Only one witness has testified that he may have seen Nickerson running from the scene of the crime, but that witness has since said he feels he was pressured into saying it was Nickerson by two sheriff's deputies, Jerry Hall and Brian Beck. Both men, whom a judge determined had lied under oath--causing a mistrial to be declared--are now captains with the Santa Clara County Sheriff's Department.

One key witness who has yet to be called is Michael Osorio, the only survivor from the night of the murders. Osorio was Evans' long-time friend, and both the prosecution and defense said he will testify that Evans was in the process of moving out of the neighborhood. Osorio had told Evans that dealing drugs would get him in trouble and that if he ever cut off his buyers, there would be a violent retaliation.

A Sacramento resident, Osorio is also expected to testify that he heard King address one of the masked intruders as "Buddy," asking him to loosen the cuffs, and that he then saw a very large person hit King over the head with a gun, Luft said.

Nickerson's lawyers have argued about whether King was actually addressing Buddy, or if he was using the ambiguous term "buddy" because he didn't know the person's name.

Osorio was shot in the back of the head, but somehow managed to survive. Photos shown to the jury during Luft's opening statement showed blood-smeared walls, mostly in the kitchen, where Osorio tried to push himself into a standing position.

Jurors also saw photos of Evans' body, with bullet holes in the rear left shoulder, through a tattoo on his arm and a gaping hole in his head. They were also shown a photo of Evans lying dead on his front porch, slumped against the wall and laying in a pool of blood.

Bloody dog prints are spotted around the body because a pit bull puppy Osorio had brought to the house that evening managed to get outside after the shootings took place.
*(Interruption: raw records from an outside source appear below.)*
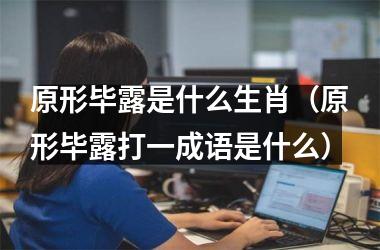 <h3>原形毕露是什么生肖（原形毕露打一成语是什么）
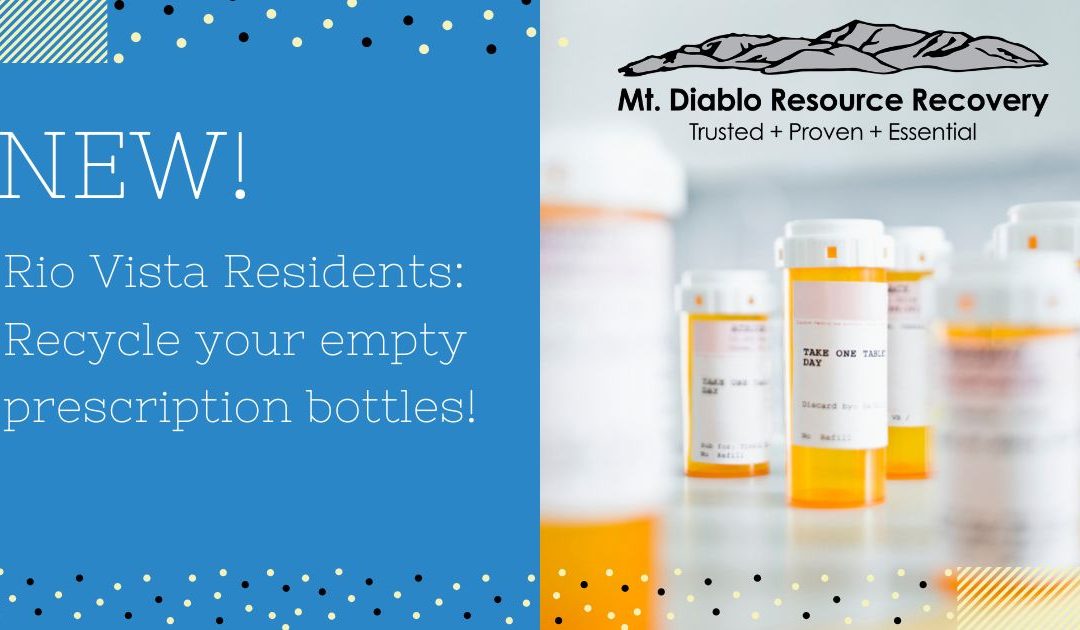 Rio Vista Recycle Your Empty Prescription Bottles for Free!
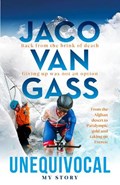 Jaco Van Gass: Unequivocal - My Story | Jaco Van Gass | 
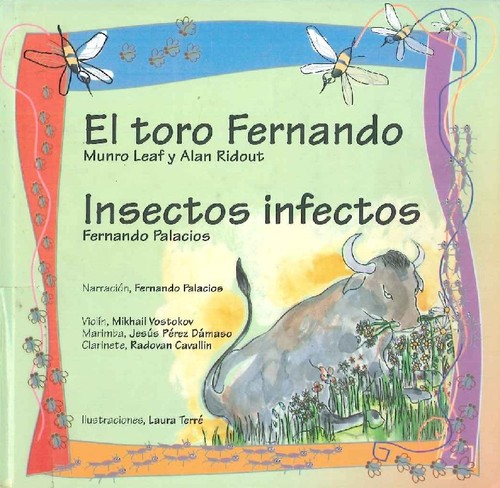 El toro Fernando/Insectos infectos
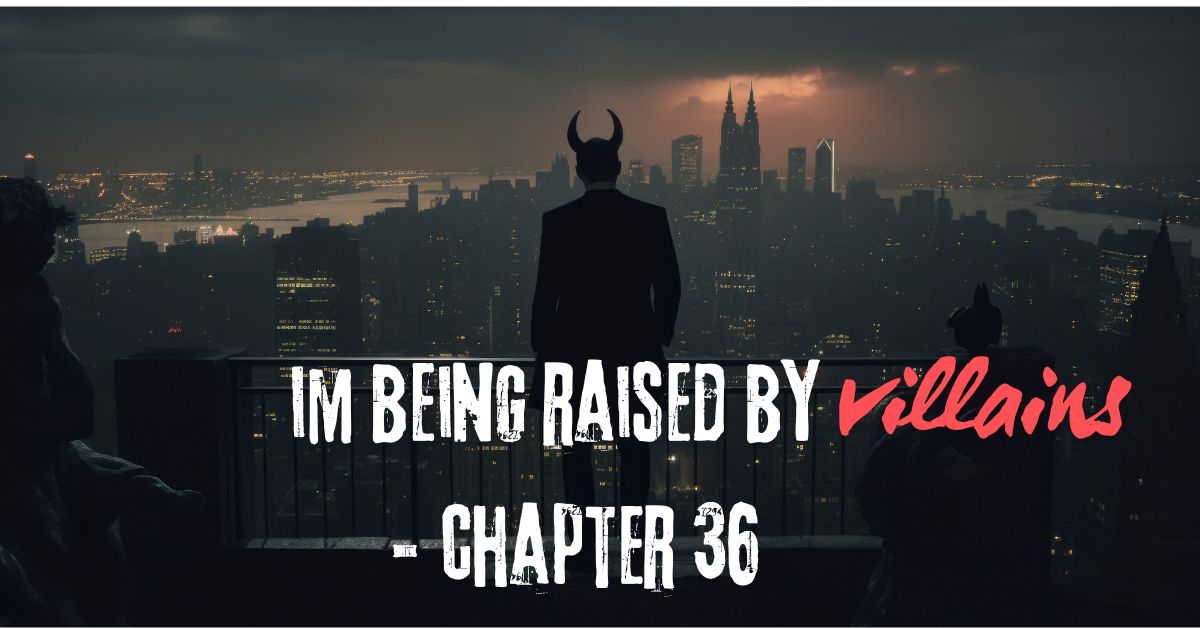 im being raised by - chapter 36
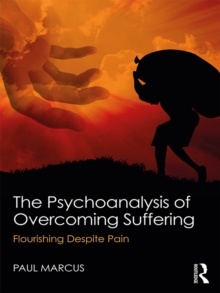 The Psychoanalysis of Overcoming Suffering : Flourishing Despite Pain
Jurors saw a photo of Brett Wofford, who served time for supplying handcuffs that were used to cuff Osorio and King. They also saw a photo of Dennis Hamilton, who was about 15 years older than his cohorts and is serving time for his involvement in the murders. Hamilton's ex-wife, Norma Goytia, is expected to testify that he took her gun and left it at the scene of the crime. Luft said Goytia will testify that Hamilton told her to call the police and tell them her home had been ransacked, which he'd done earlier that evening.

The trigger man, Murray Lodge, was not shown to the jurors. Payne told jurors that Evans once told her that Lodge was the craziest person he'd ever met and that he'd rather have him as a friend than an enemy.

Luft said that not long after the shootings, Lodge kicked down the door of a house in a remote area of the Los Gatos Hills and pointed two steel revolvers at the woman who lived there. She was a retired schoolteacher and Lodge demanded she give him food and clothing, and then he stole her car. Luft said the woman, now deceased, testified that Lodge told her if the police ever found him, there would be a shoot-out and bragged about his participation in the crime.

The prosecution may decide to call Jahn's ex-wife, Kimberlee, to testify as well. Ray Medved, an investigator with the district attorney's office, interviewed Kimberlee as recently as July 24, and she allegedly told him Jahn had admitted to being at the scene of the crime Sept. 15. This information was not mentioned in either attorney's opening statement.